Ambassador of Albania to Serbia
- Incumbent
- Assumed office 2014
- President: Bujar Nishani Ilir Meta
- Prime Minister: Edi Rama
- Foreign Minister: Ditmir Bushati

Albanian Minister for Foreign Affairs
- In office 18 December 1991 – 11 April 1992
- President: Ramiz Alia Sali Berisha
- Prime Minister: Vilson Ahmeti
- Preceded by: Muhamet Kapllani
- Succeeded by: Alfred Serreqi

Personal details
- Born: January 10, 1950 (age 76) Gjirokastër, People's Republic of Albania^{[citation needed]}

= Ilir Boçka =

Albanian diplomat

Ilir Boçka (born January 10, 1950) was an Albanian career diplomat, serving as Albania's Ambassador to Serbia for a long time, and is now retired. He briefly served as Minister of Foreign Affairs from 1991 to 1992.

==Life and career==
Ilir Boçka was born on January 10, 1950 in Gjirokastër, People's Republic of Albania. Boçka graduated with a Law Degree in 1975 from the University of Tirana. From 1972 to 1980, he worked as journalist with the Albanian News Agency (ATA). He joined the Ministry of Foreign Affairs in June 1981, when he was appointed as the Head of the Press and Information Directory at the Ministry of Foreign Affairs. From 1986 to 1990, he was Ambassador to East Germany. After the democratic changes during the period from June 1991 to December 1991, he was appointed as Deputy Minister in the Ministry of Foreign Affairs. In the first free elections held in Albania he was appointed as Minister of Foreign Affairs in the Provisional Government (December 1991-April 1992).

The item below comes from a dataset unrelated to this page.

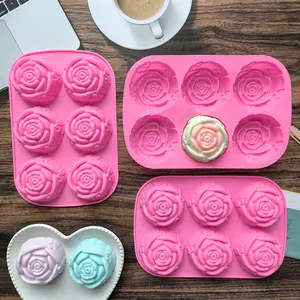 6 Holes Rose Flower Handmade Soap Candle Silicone Mold Heart shape DIY Cake Chocolate Baking Tools Ice Cube Making Mould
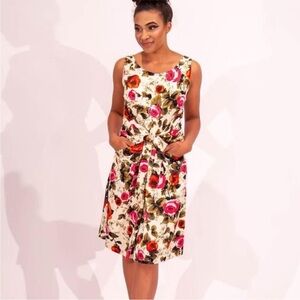 Kate Spade Jillian Dress Baton Rouge Rose Floral 100% Silk Bow Front Size 4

From 1992 to 1997 he worked as a lawyer and adviser of National and International Law in the private sector. From October 1997 to May 1998, Boçka was the Director of Information and Media Department at the Prime Minister's Office, and from May 1998 to August 2000 he was Deputy Minister of Defense, responsible most particularly for Albania's Euro-Atlantic Integration and the country's preparations for NATO membership.

He served as Ambassador of the Albanian Mission to NATO and as the Representative of Albania to the Euro-Atlantic Partnership Council from November 2000 to July 2007. In July 2007, Ilir Boçka was among the top four nominations for the post of President of Albania. He was Charge d'affaires in New Delhi, India, from January 2008 to September 2010, overseeing the establishment of the first Albanian embassy in India.

Since 2014, Boçka has served as the Albanian Ambassador to Serbia.